A gridare lo scandalo e stracciarsi le vesti siamo buoni tutti; vediamo se ce ne è una qualche ragione, in campo non profit.

Una cooperativa sociale di tipo B fondata e presieduta da un ex carcerato in pochi anni aumenta di moltissimo il proprio fatturato. In assenza di scandalo (il fondatore e presidente sarebbe implicato in un’organizzazione di stampo mafioso) tutti noi plaudiremmo all’esperienza dove vi troveremmo redenzione, successo, solidarietà. La cooperativa 29 giugno vincerebbe premi (che ha vinto), riceverebbe targhe, riempirebbe gli scaffali di social awards e cretinate varie.

Una volta scoperto lo scandalo, compresa la ragione di tanto successo, tutti se la prendono con la cooperativa e i cooperanti; tutti dicono che non si poteva non sapere.

Nel prima c’è un NOI, nel dopo c’è un LORO.

Non è sbagliatissimo questo cambio di soggetto ma bisogna essere precisi.

Chi doveva fare i controlli? Regione, Centrali delle cooperative, banche che concedevano prestiti ecc?

E’ stato – finora – contestato qualcosa in relazione ai conti della cooperativa? A me non risulta, e pare che i soggetti preposti ai controlli abbiano controllato.

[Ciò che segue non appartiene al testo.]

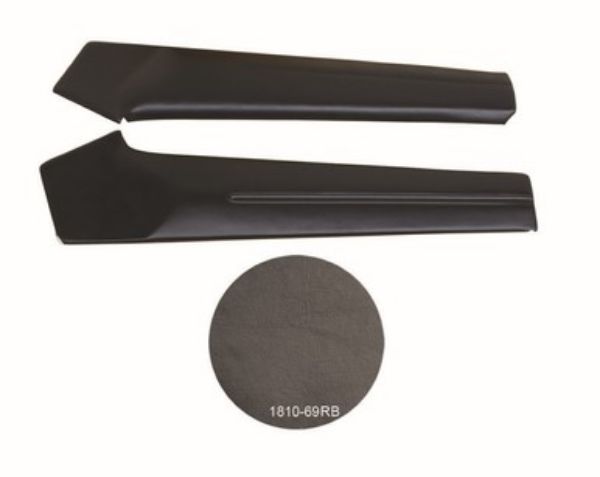 Picture of 1969 Charger Rear Upper Door Panels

La realtà è diversa: quello che si contesta è la causa ultima dell’aumento del fatturato, che non è quella di aver ricevuto più commesse dagli enti pubblici (effetto), ma ciò che sta dietro all’aumento delle commesse. Di per sé non è indicatore di malaffare ricevere molte commesse da EEPP.

Bisogna soltanto chiedersi quale tipo di relazioni si sono intrecciate per ottenere così tante commesse. E la domanda è: ma gli organi interni che controllano la legittimità delle attività, i vari organismi di vigilanza, i revisori e gli stessi consiglieri (quelli onesti) … tutta questa gente ha chiesto lumi sul tipo di rapporto che legava sempre più il portabandiera presidente all’amministrazione capitolina?

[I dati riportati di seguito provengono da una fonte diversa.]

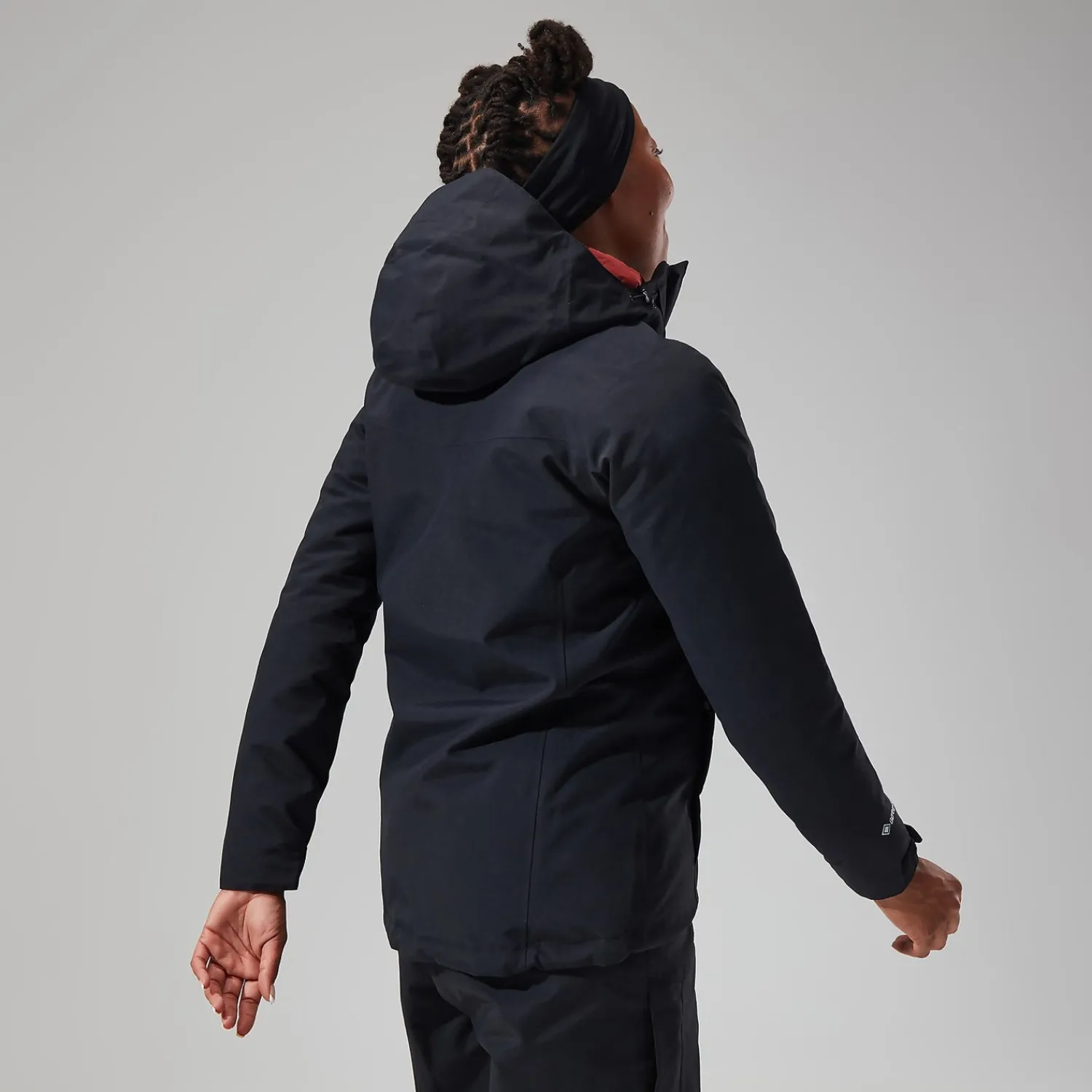 Berghaus Women's Hillwalker Jacket InterActive - Black Hot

Coloro che dovevano controllare hanno la responsabilità del non essersi fatti la domanda fondamentale: ma perché danno a noi tutte queste commesse?

Se tutta questa storia insegna qualcosa, deve insegnarlo alle persone oneste. E una prima indicazione è la seguente: i rapporti con la pubblica amministrazione sono sempre a rischio, e per questa ragione – per mantenere alto il buon nome delle persone – bisogna fare molta attenzione a non “personalizzare” da una parte e dall’altra il rapporto. Bisogna evitare che il tutto nasca e finisca grazie all’incontro di due sole persone, il nostro presidente e l’assessore o dirigente che magari erano compagni di scuola (o vicini di cella).

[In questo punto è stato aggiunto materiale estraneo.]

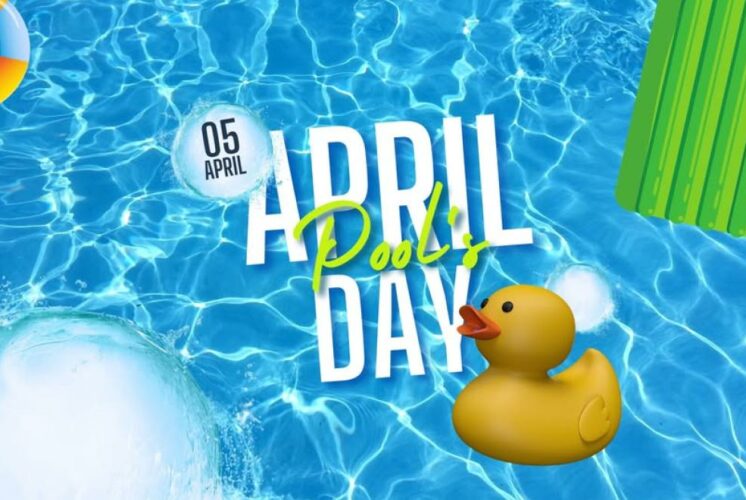 April pools day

Ovviamente, tutto ciò che riguarda la rendicontazione e l’accountability non c’entra nulla. Andate sul sito della cooperativa 29 giugno e guardate che belli i bilanci sociali della cooperativa, ricchi di dati rilevanti e dettagli importanti, certificazioni ISO, riconoscimenti da parte delle autorità, …

Tutto vero, tutto certificato. Quindi, quando vi dicono che con la nuova riforma si darà una stretta al malaffare, si separerà il grano dal loglio e banalità ulteriori, vi stanno contando una balla. Ripeto: la cooperativa 29 giugno faceva bene i lavori commissionati. Aveva ottimi bilanci.

La trasparenza nella rendicontazione è una condizione necessaria, ma non sufficiente.

Ma come si poteva scoprire quindi quello che i magistrati ritengono sia il “malaffare”?

Solo – lo ripeto – facendosi le domande giuste; certo, ci vuole coraggio a fare certe domande, soprattutto a certe persone. Quando poi vediamo “quelle persone” che si accompagnano ai potentati politici (destra e sinistra), forse è proprio questo il momento di mettere insieme un po’ di elementi e iniziare a darsi un po’ di risposte.